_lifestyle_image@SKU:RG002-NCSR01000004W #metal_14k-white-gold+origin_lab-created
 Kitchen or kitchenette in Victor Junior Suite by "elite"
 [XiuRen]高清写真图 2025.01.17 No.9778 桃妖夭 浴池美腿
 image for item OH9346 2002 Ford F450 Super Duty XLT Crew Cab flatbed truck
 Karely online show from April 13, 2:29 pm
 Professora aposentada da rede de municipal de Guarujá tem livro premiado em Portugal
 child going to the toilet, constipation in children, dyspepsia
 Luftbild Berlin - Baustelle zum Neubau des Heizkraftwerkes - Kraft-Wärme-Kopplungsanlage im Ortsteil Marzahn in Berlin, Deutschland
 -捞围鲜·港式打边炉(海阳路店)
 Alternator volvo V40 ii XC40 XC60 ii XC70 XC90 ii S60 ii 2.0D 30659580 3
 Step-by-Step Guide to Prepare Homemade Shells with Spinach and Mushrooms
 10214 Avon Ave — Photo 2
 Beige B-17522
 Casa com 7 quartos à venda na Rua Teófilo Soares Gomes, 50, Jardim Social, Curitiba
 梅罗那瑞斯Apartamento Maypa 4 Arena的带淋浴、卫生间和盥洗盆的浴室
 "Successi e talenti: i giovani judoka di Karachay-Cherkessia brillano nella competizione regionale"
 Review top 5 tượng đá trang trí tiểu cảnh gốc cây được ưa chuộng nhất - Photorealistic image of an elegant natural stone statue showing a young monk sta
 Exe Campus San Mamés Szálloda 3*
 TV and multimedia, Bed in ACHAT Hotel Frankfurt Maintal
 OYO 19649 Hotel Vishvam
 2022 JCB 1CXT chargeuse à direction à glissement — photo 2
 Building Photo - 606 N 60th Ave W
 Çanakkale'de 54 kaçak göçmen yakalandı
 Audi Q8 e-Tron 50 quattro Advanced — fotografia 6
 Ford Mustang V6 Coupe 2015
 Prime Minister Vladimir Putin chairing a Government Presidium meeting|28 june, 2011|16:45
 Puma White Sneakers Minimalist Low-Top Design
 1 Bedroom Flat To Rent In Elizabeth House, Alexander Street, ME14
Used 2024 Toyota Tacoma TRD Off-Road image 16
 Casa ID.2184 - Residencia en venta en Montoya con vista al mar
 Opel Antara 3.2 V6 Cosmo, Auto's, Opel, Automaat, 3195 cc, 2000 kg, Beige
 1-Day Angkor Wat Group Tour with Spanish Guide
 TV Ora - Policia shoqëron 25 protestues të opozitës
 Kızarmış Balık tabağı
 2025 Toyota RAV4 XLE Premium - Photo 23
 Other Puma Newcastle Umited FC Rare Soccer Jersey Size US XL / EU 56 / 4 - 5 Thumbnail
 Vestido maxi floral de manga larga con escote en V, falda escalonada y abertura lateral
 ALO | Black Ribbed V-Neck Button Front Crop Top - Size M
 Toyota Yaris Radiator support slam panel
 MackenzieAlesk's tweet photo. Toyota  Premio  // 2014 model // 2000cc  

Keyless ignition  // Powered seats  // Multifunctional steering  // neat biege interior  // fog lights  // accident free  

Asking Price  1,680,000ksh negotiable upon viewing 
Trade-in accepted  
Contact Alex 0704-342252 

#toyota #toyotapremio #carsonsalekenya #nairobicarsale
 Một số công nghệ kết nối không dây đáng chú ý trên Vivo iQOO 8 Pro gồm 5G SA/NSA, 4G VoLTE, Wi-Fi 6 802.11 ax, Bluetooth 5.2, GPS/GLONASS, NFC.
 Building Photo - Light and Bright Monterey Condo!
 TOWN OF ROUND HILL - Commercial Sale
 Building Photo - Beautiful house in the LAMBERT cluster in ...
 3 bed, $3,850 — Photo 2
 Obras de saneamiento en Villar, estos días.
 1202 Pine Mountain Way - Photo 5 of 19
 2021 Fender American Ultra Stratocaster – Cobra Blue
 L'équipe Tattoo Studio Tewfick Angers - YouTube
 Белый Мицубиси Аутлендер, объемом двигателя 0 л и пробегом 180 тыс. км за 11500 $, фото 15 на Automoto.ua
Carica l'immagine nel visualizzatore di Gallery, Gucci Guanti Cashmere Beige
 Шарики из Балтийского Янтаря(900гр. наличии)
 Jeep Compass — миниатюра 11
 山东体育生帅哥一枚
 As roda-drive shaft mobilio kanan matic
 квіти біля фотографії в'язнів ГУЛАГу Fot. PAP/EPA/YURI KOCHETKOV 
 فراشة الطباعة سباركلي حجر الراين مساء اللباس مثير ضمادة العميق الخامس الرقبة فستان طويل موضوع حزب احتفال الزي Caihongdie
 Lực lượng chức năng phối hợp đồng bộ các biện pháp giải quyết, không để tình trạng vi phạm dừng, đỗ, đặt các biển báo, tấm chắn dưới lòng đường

**WHAT THE EXERCISE ASKS**
Go line by line through the records above and copy each one containing "Guide".

**RESPONSE TO THIS EXERCISE**
 Step-by-Step Guide to Prepare Homemade Shells with Spinach and Mushrooms
 1-Day Angkor Wat Group Tour with Spanish Guide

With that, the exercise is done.